Pressemitteilung vom 08.12.2003

Sehr geehrte Frau Ilse Gotthardt, werter Herr Oberbürgermeister Arno Pöker, werter Herr Präsident der Rostocker Bürgerschaft, Herr Prof. Ralf Friedrich, werte Ehrengäste, werte Gäste,

traditionsgemäß am Tag des Ehrenamtes, am 5. Dezember eines jeden Jahres, verleiht die Hansestadt Rostock den Sozialpreis. Damit würdigt unsere Stadt die Leistungen von Menschen, von Einzelpersonen, aber auch von Verbänden und Vereinen, die ein hohes Maß an ehrenamtlichem Engagement, an selbstloser Hilfe in unserer Stadt für andere aufbringen.

Wissenschaftlerinnen und Politikerinnen warnen vor der sozialen Kälte, die morgen regieren wird, wenn wir es heute nicht verstehen, uns zu ändern. Und sie wollen uns damit sagen, wo unser Gewissen doch allzu sehr an der Industriegesellschaft hängt - Kommunikation überdauert alle Werte des "Homo faber".

Ein bekannter Philosoph und Schöngeist sagte einmal:

"Die Bedeutung der Stabilität der Menschheitsgeschichte bleibt den westlichen Kulturen wahrscheinlich so lange verborgen, bis man wieder entdeckt, dass das Leben aus dem Erleben der Beziehungen besteht und nicht im Streben nach Zielen oder Zahlen."

Eine breit angelegte Studie zur ehrenamtlichen Tätigkeit in Europa, auch als "Eurovol-Studie" 1996 veröffentlicht, zeigt das Ergebnis, dass in der Bundesrepublik Deutschland nur 18 % der Bürgerinnen und Bürger (davon 24 % in Ost und 16 % in West) ehrenamtlich mindestens einmal im Monat aktiv tätig sind.
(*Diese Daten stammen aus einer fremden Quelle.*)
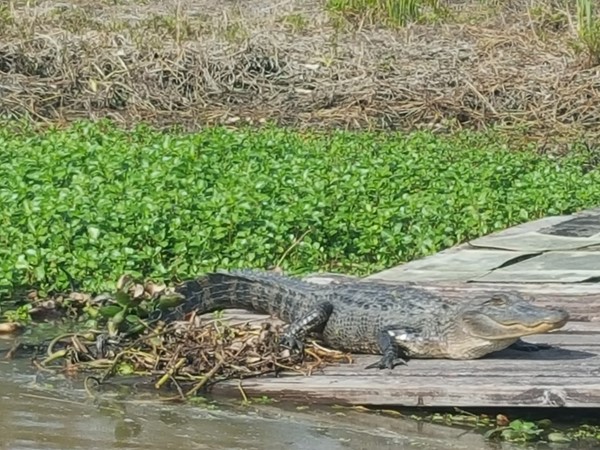 Alligator sunbathing on the banks of the Pearl River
Das ist deutlich weniger als der internationale Durchschnitt von 27 %. Beim "Volunteering", so geht aus der Studie hervor, kommt der Bundesrepublik Deutschland nur der drittletzte Rang unter den zehn untersuchten Ländern zu. Spitzenreiter sind die Niederlande, Schweden und Belgien. Und was besonders hervorzuheben ist, 80 % derjenigen, die die unmittelbar mit Sorge und Pflege und Kommunikation verbundene ehrenamtliche Arbeit ausführen, sind Frauen, und die werden für die Zukunft nicht ausreichen, um die Wunden und Leiden und die Löcher im sozialen Netz zu stopfen.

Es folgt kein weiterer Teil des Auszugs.